-- THE DATA follows --

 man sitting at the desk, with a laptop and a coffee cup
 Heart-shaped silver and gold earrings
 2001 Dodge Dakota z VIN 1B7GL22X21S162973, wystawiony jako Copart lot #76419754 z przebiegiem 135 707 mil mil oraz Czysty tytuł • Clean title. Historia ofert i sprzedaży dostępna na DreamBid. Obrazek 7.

-- THE DATA concluded --

§ ASSIGNED TASK:
Every line must be copied exactly as it stands above.

§ FINISHED EXERCISE:
 man sitting at the desk, with a laptop and a coffee cup
 Heart-shaped silver and gold earrings
 2001 Dodge Dakota z VIN 1B7GL22X21S162973, wystawiony jako Copart lot #76419754 z przebiegiem 135 707 mil mil oraz Czysty tytuł • Clean title. Historia ofert i sprzedaży dostępna na DreamBid. Obrazek 7.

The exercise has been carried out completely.